A Albi, au printemps 2020, une histoire met la puce à l’oreille des professionnels. Une ancienne enfant placée d’à peine 18 ans appâtait des mineures d’un foyer de l’enfance par le biais de Snapchat en leur promettant « monts et merveilles ». Quatre victimes sont tombées dans ses filets. Le réseau, qui opérait dans le Tarn et la Haute-Garonne, a été démantelé par la police judiciaire et l’adolescente, incarcérée. Pour Alain, éducateur spécialisé à l’association d’éducation populaire (AEP) de La Landelle, qui regroupe plusieurs structures dont la plus grande Mecs (maison d’enfants à caractère social) du département du Tarn à Palleville, la nouvelle a été un choc : « Je me posais quelques questions sur certaines filles jusqu’à ce que, lors d’une réunion de l’ASE, un référent d’établissement nous informe de cette problématique dans le coin. Il y a tellement de difficultés déjà en protection de l’enfance que rajouter celle-là me paraissait impensable. » Surtout, il a eu le sentiment que l’information devait rester officieuse. « Le référent nous a bien spécifié qu’il nous informait “en off” », souligne-t-il.

Pour des cigarettes

Embarrassée, la protection de l’enfance l’est. D’autant qu’elle est dépassée. « On parle entre collègues et les mêmes problèmes se posent ailleurs. Quand des filles fuguent et qu’elles reviennent avec les dernières Nike, un nouveau smartphone ou encore beaucoup d’argent de poche, on sait que cela ne vient pas de leurs parents. On alerte la hiérarchie, qui nous a répondu une fois que si les filles n’étaient pas sur le trottoir, ce n’était pas de la prostitution ! Ça m’a laissé perplexe », assure Alain. Les modes opératoires empruntent effectivement d’autres formes. La jeune rabatteuse albigeoise louait des appartements via Airbnb dans lesquels ses proies vendaient leur corps. Derrière elle, des garçons de 20 à 25 ans, plus ou moins liés à des trafics de drogue, et des pratiques qui passent par les réseaux sociaux. « L’ASE doit se mettre à la page et investir davantage ces outils, insiste Simon. Grâce à eux, les jeunes savent avant nous quand il y a une place disponible dans un foyer. Ce sont des copains placés quelque part qui les informent, et après les jeunes nous demandent de les envoyer au même endroit. Tout va très vite. »

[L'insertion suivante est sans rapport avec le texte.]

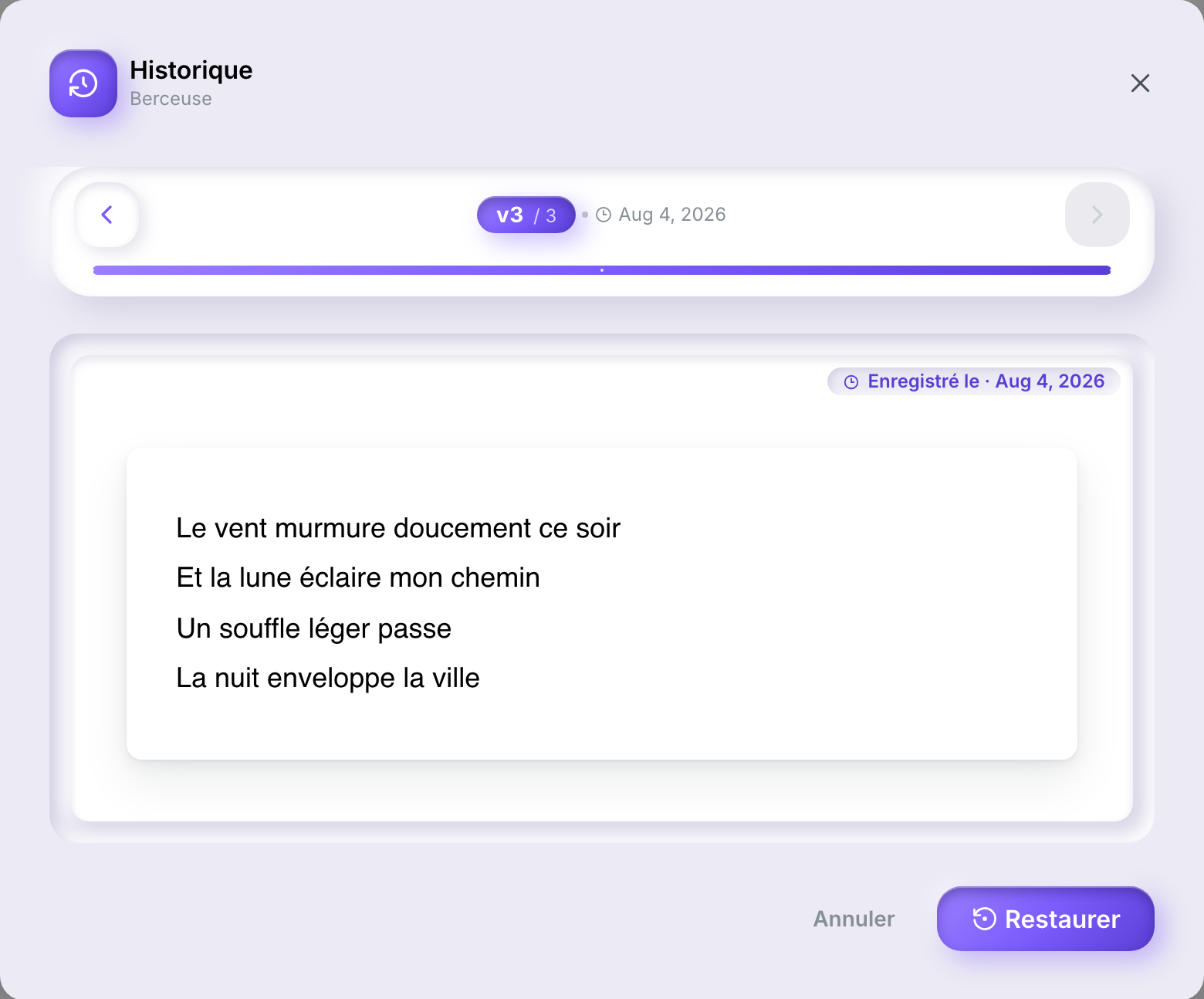 La boîte de dialogue Historique montrant la version 3 sur 3, sa date d'enregistrement, son contenu, et les boutons Restaurer et Annuler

Il en va de même pour l’argent facile que procure la prostitution. « Les foyers de l’enfance sont des repères de gosses malheureux dont certains ont été abusés, maltraités durant leur enfance. Ils ont souvent une image dégradée d’eux-mêmes et peuvent se retrouver rapidement pris dans un engrenage de cyberpornographie », soutient Alain. D’autant que les normes sexuelles adolescentes ont changé. « J’ai suivi une petite de 13 ans prise dans un réseau de prostitution. Elle m’a dit que c’était super pour elle. Elle gagnait 100 € pour une passe, et pouvait s’acheter plein de trucs. En revanche, elle ne voulait pas que sa petite sœur vive la même chose. Elle avait donc conscience que ce n’était pas forcément bien », raconte Isabelle Carsalade, psychiatre au service éducatif et thérapeutique Set’5 de Réalmont (Tarn), qui accueille des jeunes en rupture. Et de préciser à propos de la majorité des jeunes qu’elle rencontre – et qui ne se prostituent pas – qu’ils se présentent souvent en fonction de leur identité de genre et de leur sexualité. « Ils disent : “Je suis pansexuel ou bisexuel ou transgenre ou homosexuel”, et parlent peu d’affect. Il y a quelque chose de très libéré chez eux, du style : “C’est rien, docteur, je n’ai fait que le sucer.” »

Des solutions à trouver

Il n’y a pas que les réseaux de prostitution qui inquiètent. Des adolescents en Mecs, en foyers ou dans d’autres dispositifs acceptent des relations sexuelles en échange d’une cartouche de cigarettes, d’ectasy ou de kétamine (psychotrope utilisé comme stupéfiant). « Un paquet de cigarettes coûte 10,50 € et ici, à 13 ans, ils ont 16 € par mois. Ça se passe dans les toilettes, n’importe où », affirme la thérapeute. Dans le Tarn, 95 % des situations concerneraient des filles. « Nous essayons de leur expliquer que c’est de la maltraitance. Le souci, c’est qu’elles en tirent un bénéfice immédiat. Il faut déjà qu’elles aient effectué un bout de chemin dans leur tête. Parfois, elles se sentent amoureuses. Il ne faut pas oublier que le premier trouble dont elles souffrent est justement celui du lien. On a un service concerné donc on réfléchit, mais l’ASE est assez démunie. Y compris en termes de formation des professionnels. Nous nous sommes rapprochés de l’Amicale du Nid, spécialisée dans la prostitution des mineurs, pour être plus justes dans l’accompagnement et venir en soutien aux structures », affirme Pascal Blanchon, directeur de l’AEP de La Landelle.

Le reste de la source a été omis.